A safe deserialization path treats input as data. An unsafe path may let input influence types, object graphs, method execution, callbacks, file access, command execution, or privileged application logic. In many ecosystems, attackers look for “gadget” chains: existing classes and methods already present in the application that can be arranged into harmful behavior during or after deserialization. The vulnerable application does not need to contain an obvious exec() call in the endpoint handler. It may only need to deserialize a crafted object graph in a dangerous runtime context.

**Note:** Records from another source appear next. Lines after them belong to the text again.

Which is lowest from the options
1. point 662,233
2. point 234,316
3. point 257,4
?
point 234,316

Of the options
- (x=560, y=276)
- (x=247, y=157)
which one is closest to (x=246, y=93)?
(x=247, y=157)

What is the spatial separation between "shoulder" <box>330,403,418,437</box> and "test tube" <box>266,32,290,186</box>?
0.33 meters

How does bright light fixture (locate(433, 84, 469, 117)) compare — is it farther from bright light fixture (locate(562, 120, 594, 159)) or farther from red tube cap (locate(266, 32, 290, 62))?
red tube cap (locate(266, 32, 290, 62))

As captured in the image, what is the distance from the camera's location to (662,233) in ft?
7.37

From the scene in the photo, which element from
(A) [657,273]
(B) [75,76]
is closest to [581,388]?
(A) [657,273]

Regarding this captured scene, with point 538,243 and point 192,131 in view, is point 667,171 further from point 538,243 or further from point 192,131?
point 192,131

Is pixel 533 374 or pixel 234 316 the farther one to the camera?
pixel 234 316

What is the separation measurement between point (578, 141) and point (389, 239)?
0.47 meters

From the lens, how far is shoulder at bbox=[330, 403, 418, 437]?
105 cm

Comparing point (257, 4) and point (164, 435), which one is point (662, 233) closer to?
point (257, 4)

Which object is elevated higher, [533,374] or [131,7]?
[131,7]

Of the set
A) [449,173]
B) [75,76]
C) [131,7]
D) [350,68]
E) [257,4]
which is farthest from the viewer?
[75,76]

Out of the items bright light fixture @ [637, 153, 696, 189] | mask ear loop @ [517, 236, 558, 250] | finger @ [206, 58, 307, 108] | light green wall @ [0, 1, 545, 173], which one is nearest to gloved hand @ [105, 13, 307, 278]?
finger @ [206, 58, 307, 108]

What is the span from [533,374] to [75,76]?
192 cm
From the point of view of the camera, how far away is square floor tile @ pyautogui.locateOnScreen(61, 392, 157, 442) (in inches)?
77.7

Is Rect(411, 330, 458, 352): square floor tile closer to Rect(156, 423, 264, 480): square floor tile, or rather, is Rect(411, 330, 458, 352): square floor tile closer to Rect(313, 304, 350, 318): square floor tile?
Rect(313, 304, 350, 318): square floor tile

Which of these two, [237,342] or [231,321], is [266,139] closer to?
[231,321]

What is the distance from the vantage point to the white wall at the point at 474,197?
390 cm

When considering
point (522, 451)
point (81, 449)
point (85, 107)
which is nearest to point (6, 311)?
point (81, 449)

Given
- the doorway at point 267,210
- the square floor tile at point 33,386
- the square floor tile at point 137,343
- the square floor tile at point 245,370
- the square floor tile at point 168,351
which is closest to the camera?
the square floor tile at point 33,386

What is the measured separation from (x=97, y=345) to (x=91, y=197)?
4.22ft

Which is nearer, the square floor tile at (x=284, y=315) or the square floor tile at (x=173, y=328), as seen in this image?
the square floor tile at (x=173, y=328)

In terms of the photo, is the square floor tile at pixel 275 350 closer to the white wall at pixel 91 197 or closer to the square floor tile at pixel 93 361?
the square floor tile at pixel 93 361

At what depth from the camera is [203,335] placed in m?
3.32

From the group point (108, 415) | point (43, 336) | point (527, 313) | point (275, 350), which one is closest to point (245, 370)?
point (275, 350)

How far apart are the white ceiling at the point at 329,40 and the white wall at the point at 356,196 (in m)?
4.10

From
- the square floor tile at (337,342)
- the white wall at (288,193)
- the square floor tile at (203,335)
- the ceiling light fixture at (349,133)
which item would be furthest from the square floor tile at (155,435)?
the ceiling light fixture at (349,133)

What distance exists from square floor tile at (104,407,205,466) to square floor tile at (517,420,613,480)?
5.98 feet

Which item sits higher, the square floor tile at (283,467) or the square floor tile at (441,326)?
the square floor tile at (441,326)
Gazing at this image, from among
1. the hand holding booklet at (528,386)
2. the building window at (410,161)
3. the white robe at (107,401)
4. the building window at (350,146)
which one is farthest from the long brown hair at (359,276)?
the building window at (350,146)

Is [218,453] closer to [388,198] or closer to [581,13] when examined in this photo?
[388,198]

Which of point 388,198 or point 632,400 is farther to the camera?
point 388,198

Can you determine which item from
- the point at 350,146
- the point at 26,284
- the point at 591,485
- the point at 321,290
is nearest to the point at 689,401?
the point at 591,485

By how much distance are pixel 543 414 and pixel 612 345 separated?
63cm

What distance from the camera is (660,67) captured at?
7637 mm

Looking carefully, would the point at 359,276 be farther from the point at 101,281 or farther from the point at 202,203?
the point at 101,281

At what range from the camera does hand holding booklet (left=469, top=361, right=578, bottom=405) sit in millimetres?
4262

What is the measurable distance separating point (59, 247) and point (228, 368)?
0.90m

A simplified defensive model looks like this:
Untrusted client data
|
v
Trust boundary check
|
|-- reject unexpected format
|-- enforce authentication and authorization
|-- enforce type allowlist
|-- verify integrity or signature where applicable
|-- parse into data-only structure
v
Application logic with least necessary privilege
The unsafe model looks more like this:
Untrusted client data
|
v
Generic object deserializer
|
|-- resolves attacker-influenced types
|-- constructs complex object graph
|-- invokes callbacks or dangerous methods
|-- runs inside privileged application context
v
Unexpected behavior, potentially code execution
That conceptual difference matters for SharePoint because SharePoint is not a small service with one JSON endpoint and one database table. It is an ASP.NET-based enterprise platform with deep integration into identity, content, workflows, service applications, custom code, and administrative surfaces. A deserialization issue inside that kind of platform may cross boundaries defenders normally treat as separate: user content, site permission, server-side execution, farm configuration, and Windows process behavior.

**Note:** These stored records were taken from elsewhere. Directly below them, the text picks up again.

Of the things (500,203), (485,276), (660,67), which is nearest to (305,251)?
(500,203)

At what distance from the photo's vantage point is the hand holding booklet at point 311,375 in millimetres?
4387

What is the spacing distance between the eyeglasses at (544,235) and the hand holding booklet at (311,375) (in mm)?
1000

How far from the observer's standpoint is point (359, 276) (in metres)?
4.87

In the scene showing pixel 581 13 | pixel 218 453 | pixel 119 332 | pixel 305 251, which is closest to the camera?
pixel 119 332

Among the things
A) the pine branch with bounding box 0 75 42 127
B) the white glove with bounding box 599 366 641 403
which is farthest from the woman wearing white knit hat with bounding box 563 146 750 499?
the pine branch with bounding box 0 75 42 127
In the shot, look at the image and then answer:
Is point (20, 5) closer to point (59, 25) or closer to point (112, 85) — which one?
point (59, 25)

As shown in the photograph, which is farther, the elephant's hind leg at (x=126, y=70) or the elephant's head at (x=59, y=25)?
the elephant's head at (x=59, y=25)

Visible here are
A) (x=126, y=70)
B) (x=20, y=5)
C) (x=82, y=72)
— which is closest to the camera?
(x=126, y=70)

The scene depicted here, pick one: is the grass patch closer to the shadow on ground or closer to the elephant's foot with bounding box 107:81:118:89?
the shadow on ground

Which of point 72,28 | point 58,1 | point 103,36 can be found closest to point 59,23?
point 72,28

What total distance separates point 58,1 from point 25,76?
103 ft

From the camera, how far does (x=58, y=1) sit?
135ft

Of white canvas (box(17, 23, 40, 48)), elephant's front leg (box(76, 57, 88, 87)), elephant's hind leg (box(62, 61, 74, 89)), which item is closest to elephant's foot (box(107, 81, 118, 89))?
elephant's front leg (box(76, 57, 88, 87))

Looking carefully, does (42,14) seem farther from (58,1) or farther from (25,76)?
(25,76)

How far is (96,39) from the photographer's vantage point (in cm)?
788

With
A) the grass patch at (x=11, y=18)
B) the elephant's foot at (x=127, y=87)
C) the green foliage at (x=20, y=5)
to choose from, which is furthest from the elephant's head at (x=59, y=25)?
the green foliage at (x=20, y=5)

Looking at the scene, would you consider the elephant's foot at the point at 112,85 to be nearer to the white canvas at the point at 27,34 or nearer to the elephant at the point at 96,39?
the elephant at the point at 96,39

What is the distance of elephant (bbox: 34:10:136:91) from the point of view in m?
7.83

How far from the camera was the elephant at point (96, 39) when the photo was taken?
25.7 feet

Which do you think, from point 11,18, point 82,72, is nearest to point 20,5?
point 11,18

OWASP’s Deserialization Cheat Sheet recommends safe deserialization practices such as avoiding native object deserialization for untrusted data, using strict type constraints, and validating data before object creation where possible. Those recommendations are most useful for developers building systems. For defenders running SharePoint Server, the actionable translation is different: do not try to “configure around” CVE-2026-45659 unless Microsoft provides an explicit mitigation. Patch the product, reduce exposure, and watch for execution behavior. (Série d'aide-mémoire de l'OWASP)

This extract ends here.